Recent studies have shown that DNA shape computed using core TF binding motifs and their flanking sequences improves TF binding prediction for many human TFs13,25,51. Additionally, DNA topology is highly correlated with the structure and stability of the nucleosome, suggesting that topological changes can influence the binding of TFs to DNA52. In our sequence plus shape models the EP, Roll, MGW and ProT DNA shape features had the highest influence on prediction of bound E-boxes (Supplementary Fig. 6). A recent study13 showed that for Max, a basic helix–loop–helix (bHLH) TF like BMAL1 and CLOCK, it was Roll and ProT that were the dominant determinants of TF-DNA binding affinity. These observations agree with our findings. Further, in agreement with previous studies, we found that DNA shape features by themselves do not enhance model accuracy.

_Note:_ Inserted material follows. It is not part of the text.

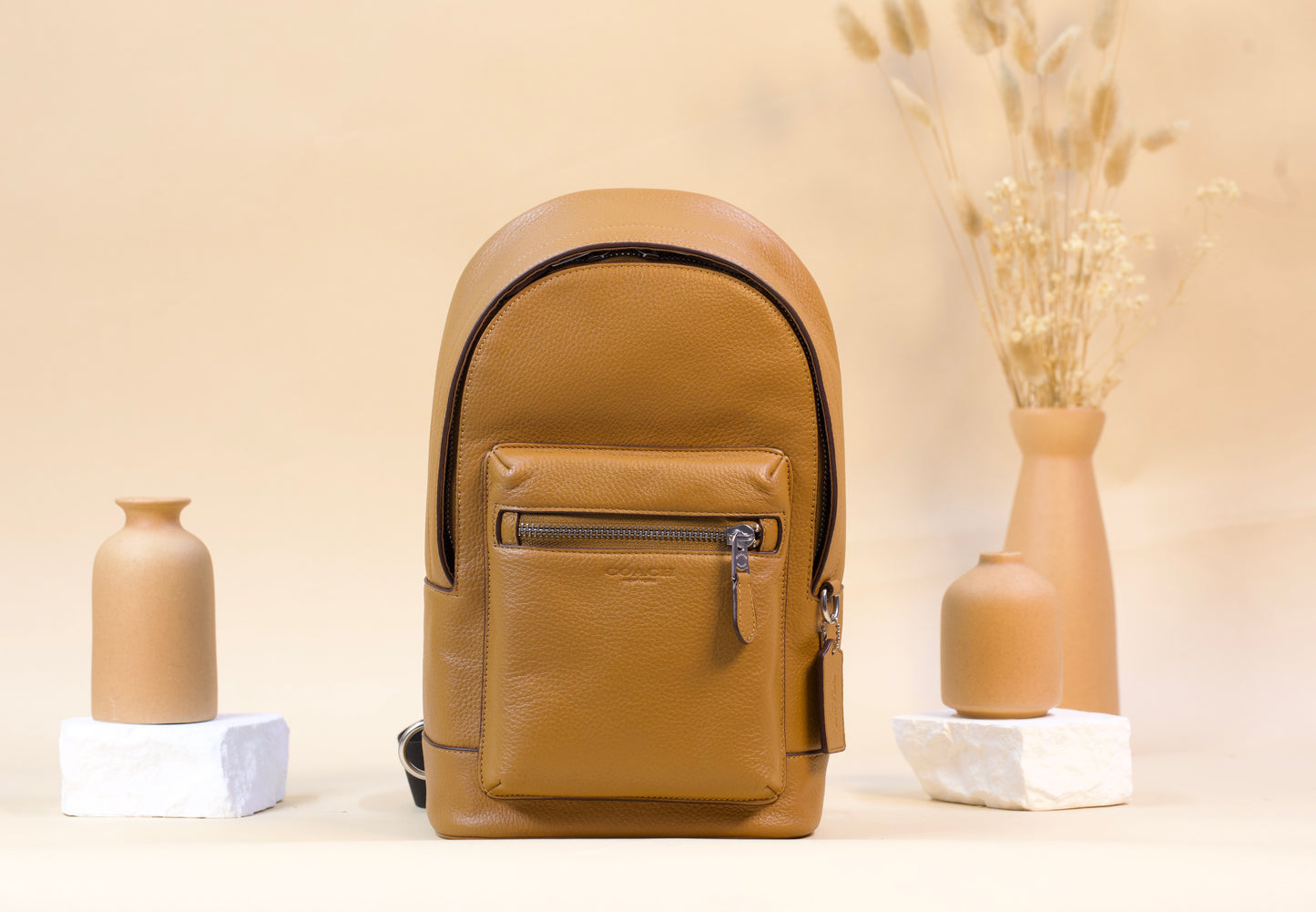 COACH WEST PACK PEBBLE LEATHER IN LIGHT SADDLE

Analysis of feature importance of our sequence plus shape plus histone modifications (HMs) models showed that the HMs H3K27ac and H3K4me3, and the DNA shape feature EP dominated binding prediction across the kidney and the heart and were also ranked highly in the liver. It has been shown that H3 acetylation and methylation modifications surrounding CLOCK–BMAL1 bound sites change in a rhythmic fashion53. Our results demonstrate that even with only a snapshot of these HMs, i.e., a single ChIP-seq experiment from mice that are not light/dark synchronized, we can discern which E-boxes are bound and which are not with high levels of sensitivity. We propose that this is likely due to the information that is encoded in the shape and flanking sequence of the E-box motif in addition to the average levels of histone acetylation and methylation. Furthermore, we propose that this information is tissue specific as evidenced by the performance of our cross-tissue models. Intriguingly, the DNA sequence features by themselves had little to no effect on binding prediction in the kidney and heart. However, the second nucleotide upstream of the E-box had a large contribution to predicting BMAL1–DNA binding in the liver. The nucleotide G in this position contributed to about 50% of the feature importance score in the liver. Analysis of the bound E-box motif with their upstream and downstream flanking sequence revealed that the nucleotide G at the third position of the 5’ flanking sequence is enriched in bound E-box motifs in the liver Since the heart and kidney models do not rely on this feature it is understandable that liver_kidney and liver_heart cross-tissue models show an unexpected decrease in performance when DNA shape and histone modification features are added to the sequence features. On the other hand, kidney_liver and heart_liver cross tissue models show a boost in performance with the addition of histone modification features. These results suggest that there is some degree of commonality in BMAL1 binding between different tissues. However, in cross-tissue models sequence-only models exhibit the most robust performance with the exception of the kidney_heart and heart_kidney models, indicating that DNA shape and chromatin context features can exhibit high degree of tissue specificity and are more similar between kidney and heart than they are between liver and the other two tissues.

E-box binding specificity of the yeast bHLH TFs Cbf1 and Tye7 is governed by sequences flanking the E-box as reflected in DNA shape54. Our findings extend this concept, indicating that not only might DNA shape and chromatin context confer different binding specificities to different TFs in the same tissue, but that they might also confer different binding specificities to the same TF in different tissues.